Wildcard certificates can be generated currently (May 2020) only using certbot as acmetool does not officially support it in it's stable release.
Using the certbot docker image, run the following command for the necessary domain:
docker run -it --rm --name letsencrypt -v "/etc/letsencrypt:/etc/letsencrypt" -v "/var/lib/letsencrypt:/var/lib/letsencrypt" quay.io/letsencrypt/letsencrypt:latest certonly -d "*.<domain>" --manual --preferred-challenges dns --server https://acme-v02.api.letsencrypt.org/directory
The command uses the following options
- certonly ; Only generate the certs and don't modify existing nginx config.
- --manual ; manually verify the domain.
- --preferred-challenges dns; use a TXT record to verify domain ownership.
- acme-v02.api ; This API provides wildcard certs.
The interactive script will ask for certain details such as email-ids.
The script will prompt the user to add a TXT record with your DNS provider with the provided name. Login to transip.nl and add the record to the domain.
Note: Certbot has dns plugins for most major DNS providers (except transip) and using the plugin is the preferred way if it exists.
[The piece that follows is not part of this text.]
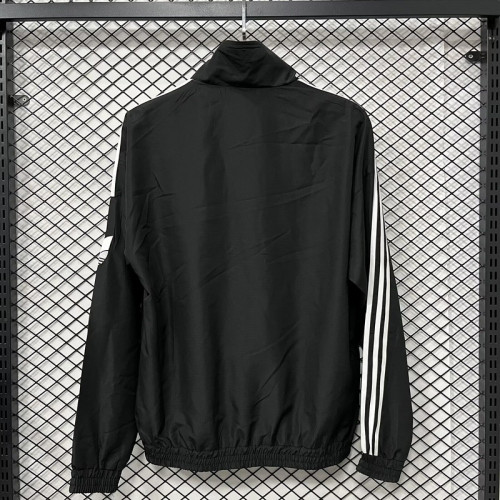 AD 2025 Black Soccer Windbreaker Jacket Football Jacket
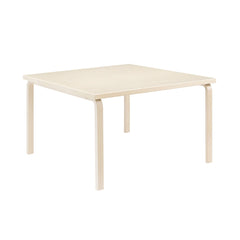 Artek Aalto Table 84 (square) design by Alvar Aalto: Legs and top edge-band natural lacquered solid birch and top surface birch veneer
The record takes about 5 mins to be published.
Once published, press enter and if everything was successful, your certs will be placed in /etc/letsencrypt/live/<domaim>/
The cert (fullchain.pem) and the private key (privkey.pem) need to be linked to the location in nginx. A sample config is provided below:
When Nginx operates from docker, it has issues accessing symlinks. Since the keys and certs in /etc/letsencrypt/live/<domaim>/ are symlinks, nginx will fail. To solve this, copy the keys to another location and link it to nginx.